*** Opening DATA FOR PROCESSING ***

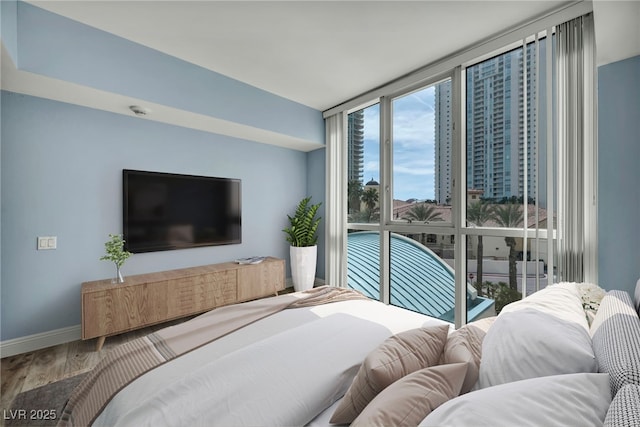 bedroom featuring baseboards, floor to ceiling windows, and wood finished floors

*** Closing DATA FOR PROCESSING ***
*** Opening DATA FOR PROCESSING ***

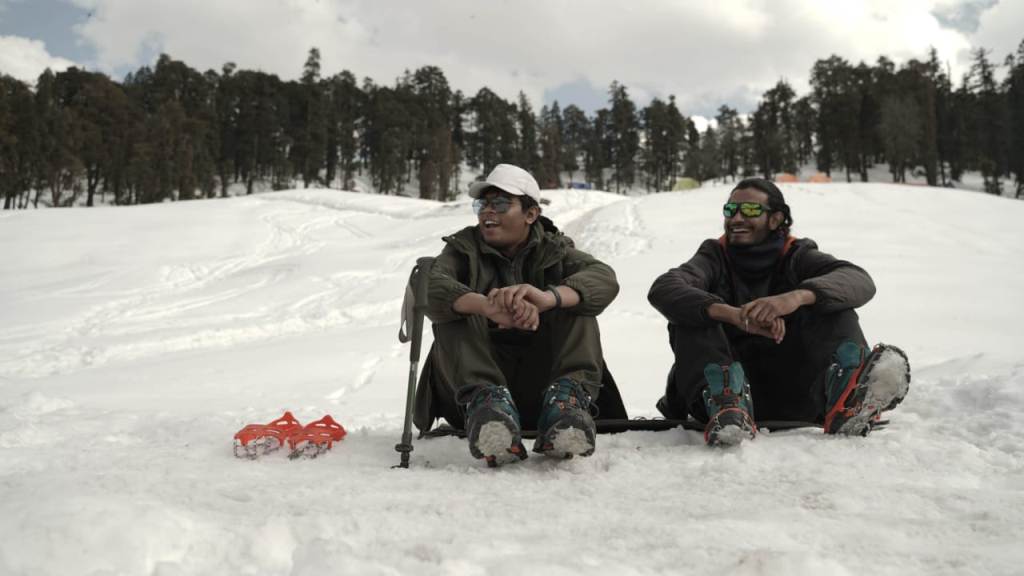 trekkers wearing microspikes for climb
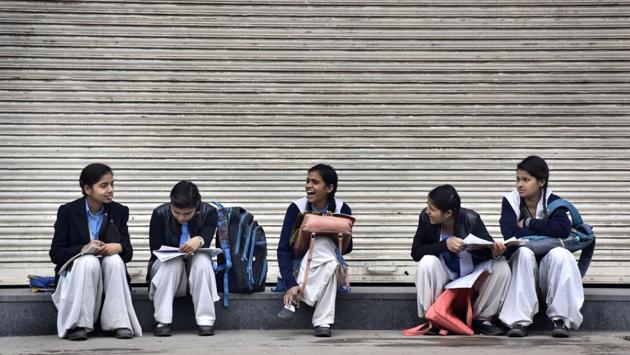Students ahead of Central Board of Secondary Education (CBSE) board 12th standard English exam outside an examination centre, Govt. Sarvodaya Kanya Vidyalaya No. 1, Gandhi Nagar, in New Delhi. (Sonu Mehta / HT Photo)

*** Closing DATA FOR PROCESSING ***

EXERCISE AIM |
For the entries above, print exactly the lines between the one with "trekkers wearing microspikes for climb" and the one with "Students ahead of", inclusive, with no pictures.

RESULT FOR THIS EXERCISE |
 trekkers wearing microspikes for climb
Students ahead of Central Board of Secondary Education (CBSE) board 12th standard English exam outside an examination centre, Govt. Sarvodaya Kanya Vidyalaya No. 1, Gandhi Nagar, in New Delhi. (Sonu Mehta / HT Photo)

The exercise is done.